The court rejects TKD's argument that it is entitled to recover its fees under an account stated theory. First, TKD did not commence a separate plenary proceeding to recover the unpaid fees, although it could have done so under Judiciary Law§ 475. Instead, it interposed this application in the parties' long-delayed lawsuit. TKD is entitled to recover its reasonable attorneys' fees in quantum meruit, if at all, following an evidentiary hearing (see Chadbourne & Parke, LLP v AB Recur Finans, 18 AD3d 222,223 [1st Dept 2005]; see also e.g. Campagna/av Mulholland, Minion & Roe, 76 NY2d 38, 44  ["Where that discharge is without cause, the attorney is limited to recovering in quantum meruit the reasonable value of the services rendered."]).

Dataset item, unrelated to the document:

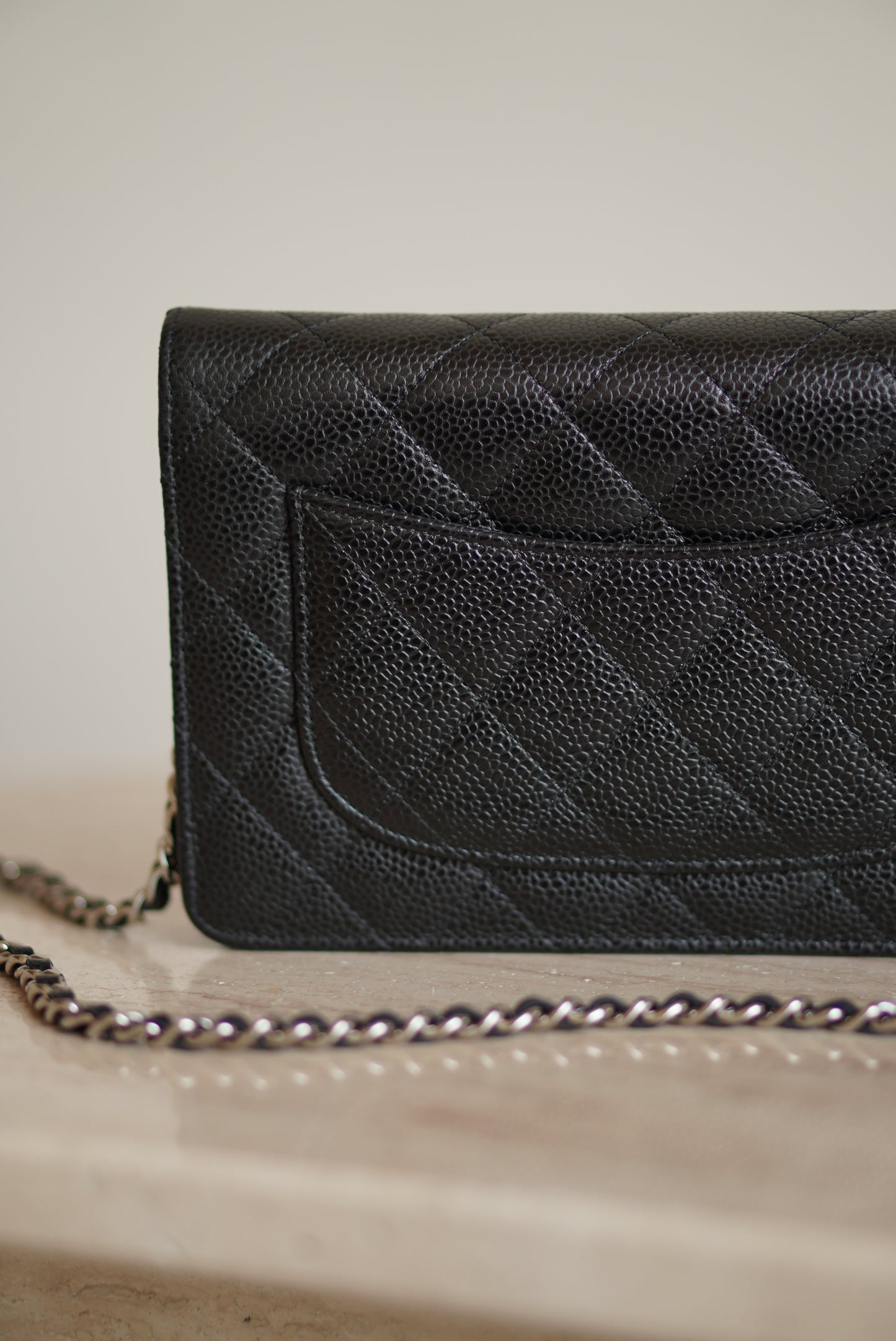 CHANEL WALLET ON CHAIN | BLACK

The court also rejects plaintiffs' argument that any attorneys' fees awarded should be paid by the defendants' insurance companies pursuant to the underlying license agreement. Judiciary Law§ 475 states that "the attorney who appears for a party has a lien upon his or her client's cause of action, claim or counterclaim, which attaches to a verdict, rep ort, determination, decision, award, settlement, judgment or final order in his or her client's favor, and the proceeds thereof in whatever hands they may come." Here, the lien, if it is enforceable, attaches to the interlocutory judgment entered in favor of plaintiffs.

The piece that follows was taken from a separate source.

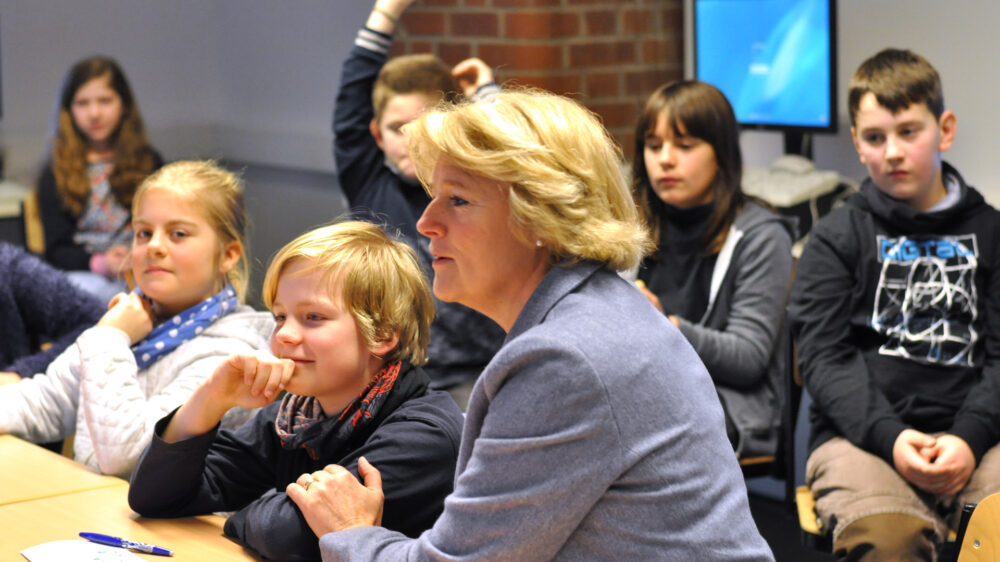 Politikerin Monika Grütters trifft Schüler des Französischen Gymnasiums in Berlin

Finally, the court denies TKD's request for its costs and fees in making this motion. "Where an attorney brings a motion to establish and enforce a charging lien under the Judiciary Law, the court has no power to award the attorney counsel fees for the sums expended in bringing the action" (1B Carmody-Wait 2d § 3:579, citing Ajar v Ajar, 207 AD2d 469,471 [2d Dept 1994] [holding that fees cannot be recovered for a motion to establish and enforce a charging lien pursuant to Judiciary Law§475]).